WORK ITEM:
Transcribe exactly the lines below that begin at the line with "TN license plate Y9044U" and stop after the line with "Vintage Set Ten", leaving out every picture.

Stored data
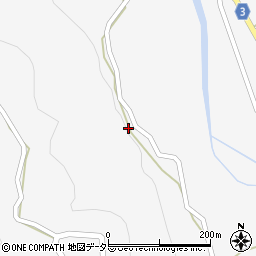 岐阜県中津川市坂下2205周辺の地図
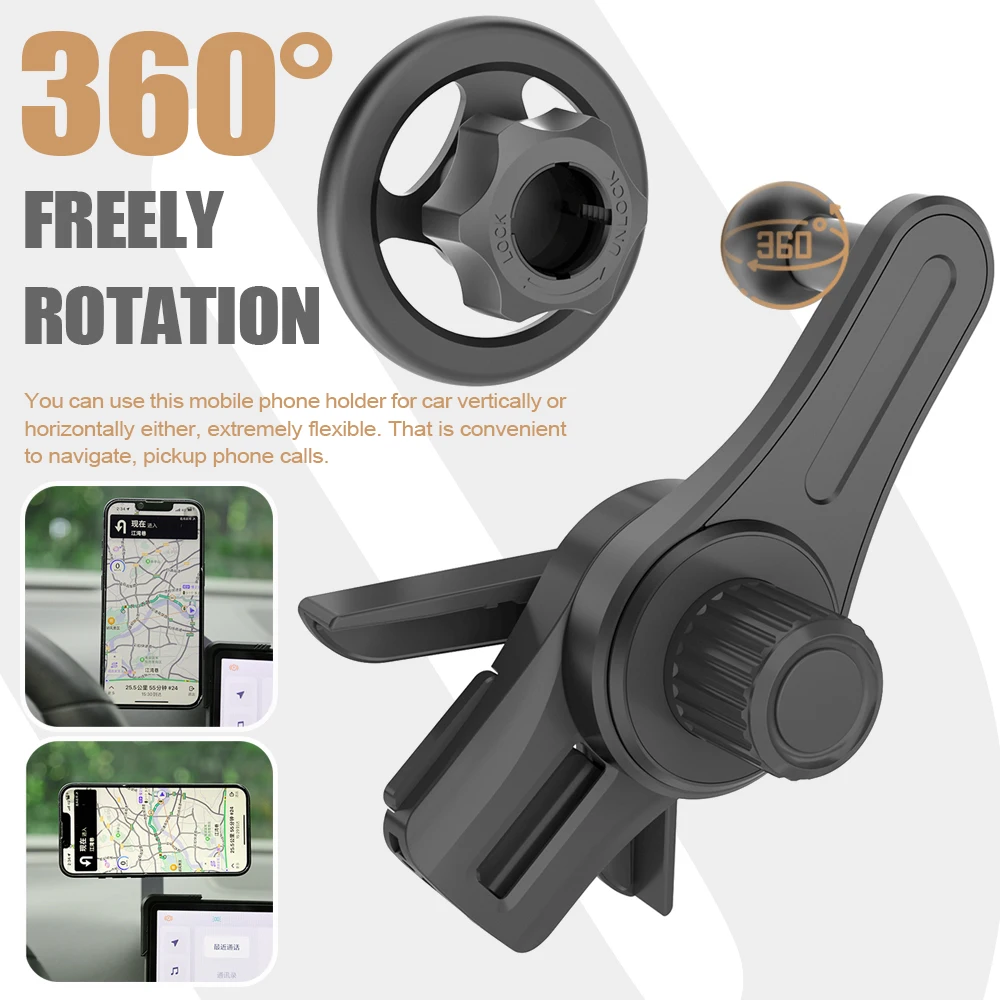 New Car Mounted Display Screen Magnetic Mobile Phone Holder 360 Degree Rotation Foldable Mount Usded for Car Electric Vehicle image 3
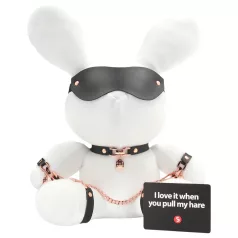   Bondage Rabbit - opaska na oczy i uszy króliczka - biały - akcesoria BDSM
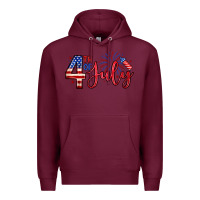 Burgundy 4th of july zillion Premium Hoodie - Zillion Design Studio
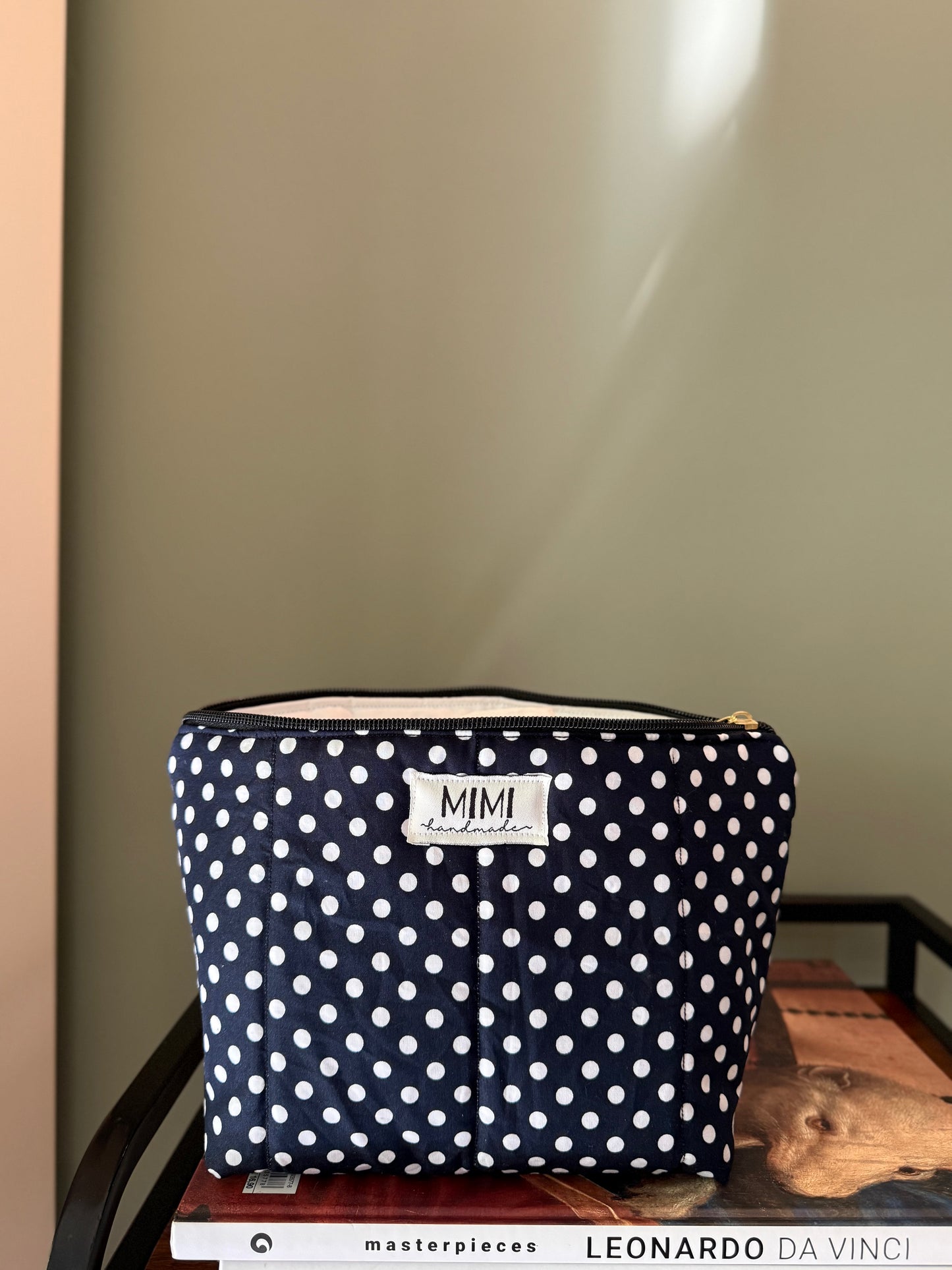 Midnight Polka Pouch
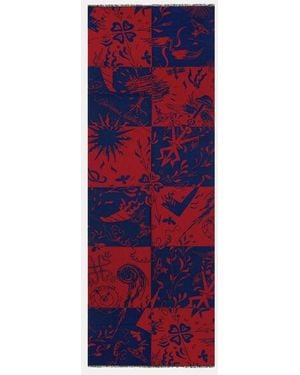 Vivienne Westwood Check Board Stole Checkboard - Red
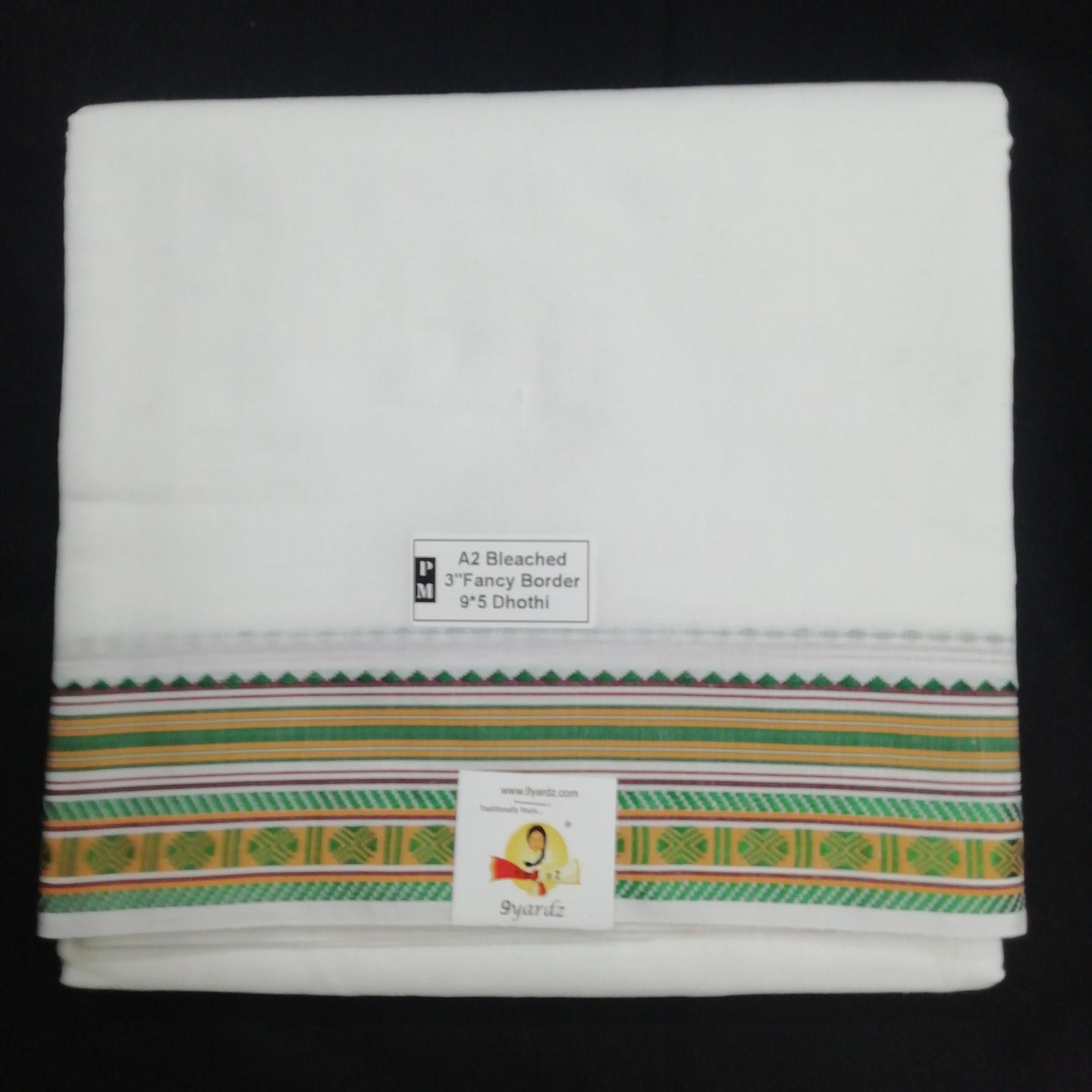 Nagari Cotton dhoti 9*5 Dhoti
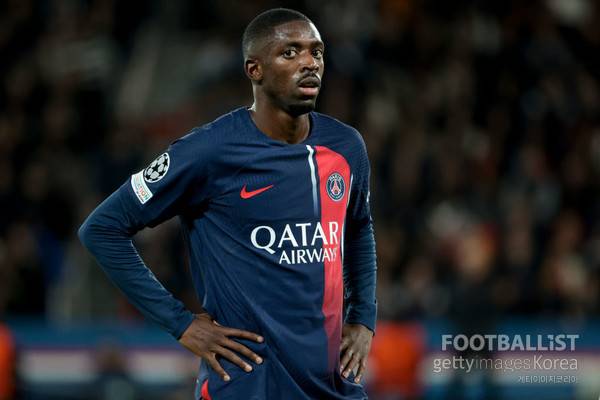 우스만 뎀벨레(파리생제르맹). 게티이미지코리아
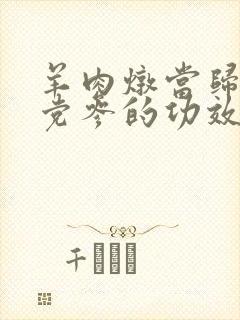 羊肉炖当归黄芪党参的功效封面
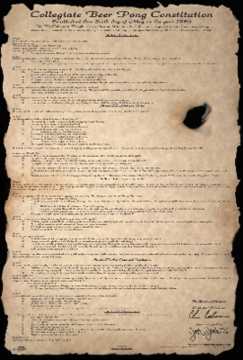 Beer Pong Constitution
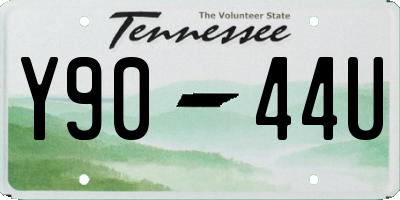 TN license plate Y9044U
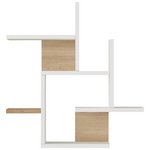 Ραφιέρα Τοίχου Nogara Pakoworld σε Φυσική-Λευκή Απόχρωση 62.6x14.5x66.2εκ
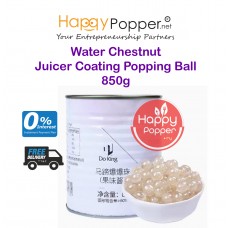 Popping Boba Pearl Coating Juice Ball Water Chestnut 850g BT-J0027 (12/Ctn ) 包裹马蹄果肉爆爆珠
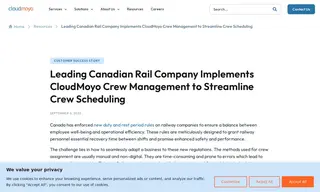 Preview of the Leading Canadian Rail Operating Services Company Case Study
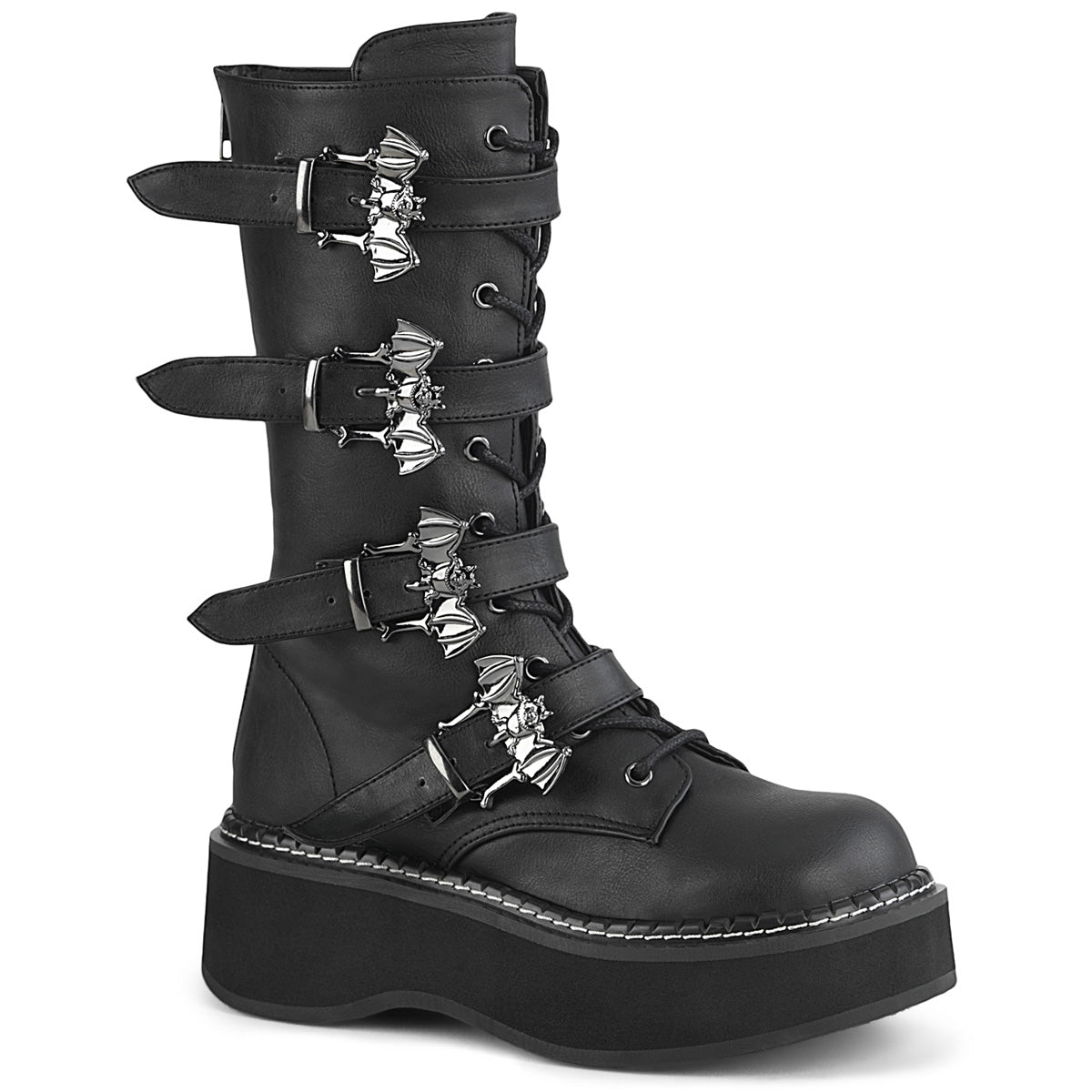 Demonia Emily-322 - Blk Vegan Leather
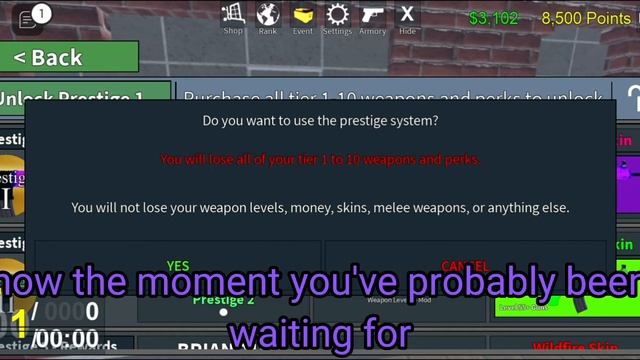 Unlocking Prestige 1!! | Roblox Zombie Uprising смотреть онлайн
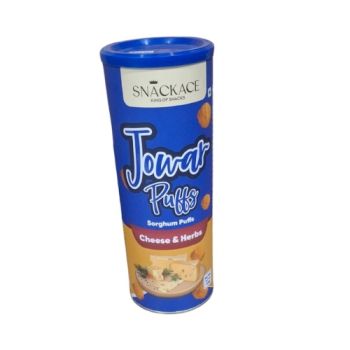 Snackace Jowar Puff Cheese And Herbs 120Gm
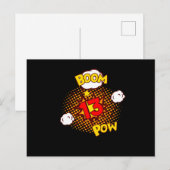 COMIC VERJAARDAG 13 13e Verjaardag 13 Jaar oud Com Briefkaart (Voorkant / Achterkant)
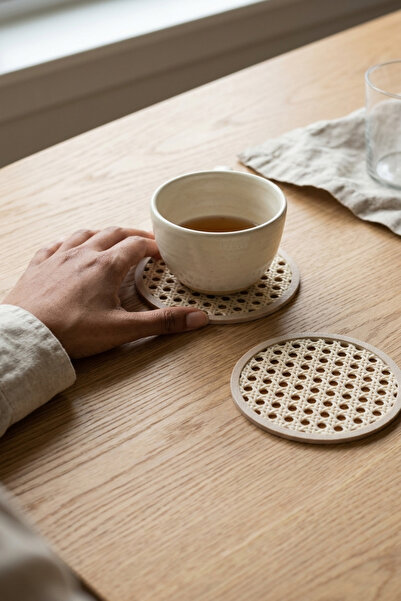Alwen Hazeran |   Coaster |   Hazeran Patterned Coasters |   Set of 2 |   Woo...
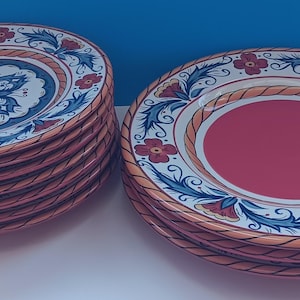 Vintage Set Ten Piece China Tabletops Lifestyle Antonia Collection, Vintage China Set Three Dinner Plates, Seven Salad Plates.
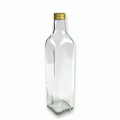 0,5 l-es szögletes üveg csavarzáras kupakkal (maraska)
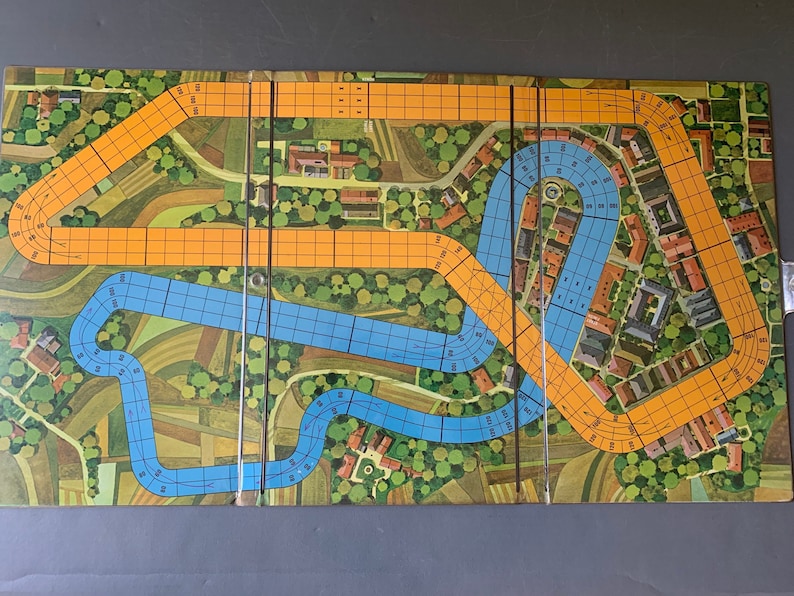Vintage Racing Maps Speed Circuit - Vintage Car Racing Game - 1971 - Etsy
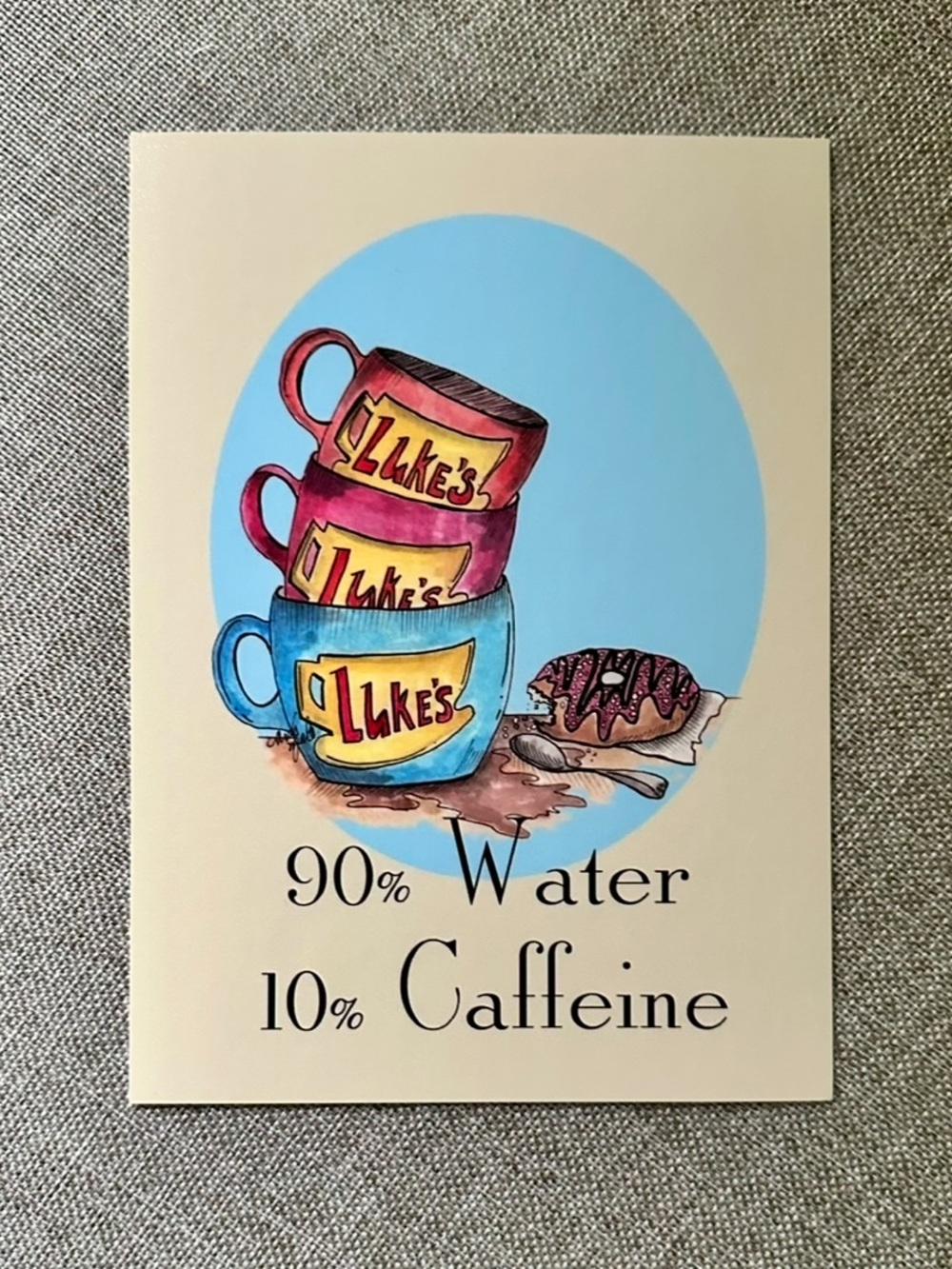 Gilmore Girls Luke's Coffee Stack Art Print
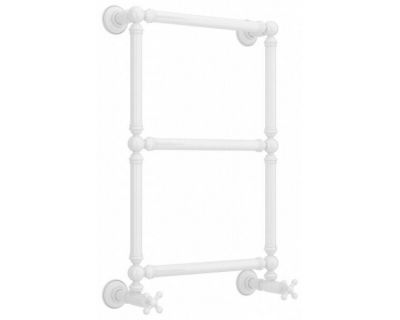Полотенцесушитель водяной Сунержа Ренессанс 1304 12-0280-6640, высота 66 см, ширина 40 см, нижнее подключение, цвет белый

RESPONSE:
 TN license plate Y9044U
 Ραφιέρα Τοίχου Nogara Pakoworld σε Φυσική-Λευκή Απόχρωση 62.6x14.5x66.2εκ
 Popping Boba Pearl Coating Juice Ball Water Chestnut 850g BT-J0027 (12/Ctn ) 包裹马蹄果肉爆爆珠
 Preview of the Leading Canadian Rail Operating Services Company Case Study
 Demonia Emily-322 - Blk Vegan Leather
 Unlocking Prestige 1!! | Roblox Zombie Uprising смотреть онлайн
 Snackace Jowar Puff Cheese And Herbs 120Gm
 COMIC VERJAARDAG 13 13e Verjaardag 13 Jaar oud Com Briefkaart (Voorkant / Achterkant)
Alwen Hazeran |   Coaster |   Hazeran Patterned Coasters |   Set of 2 |   Woo...
 Vintage Set Ten Piece China Tabletops Lifestyle Antonia Collection, Vintage China Set Three Dinner Plates, Seven Salad Plates.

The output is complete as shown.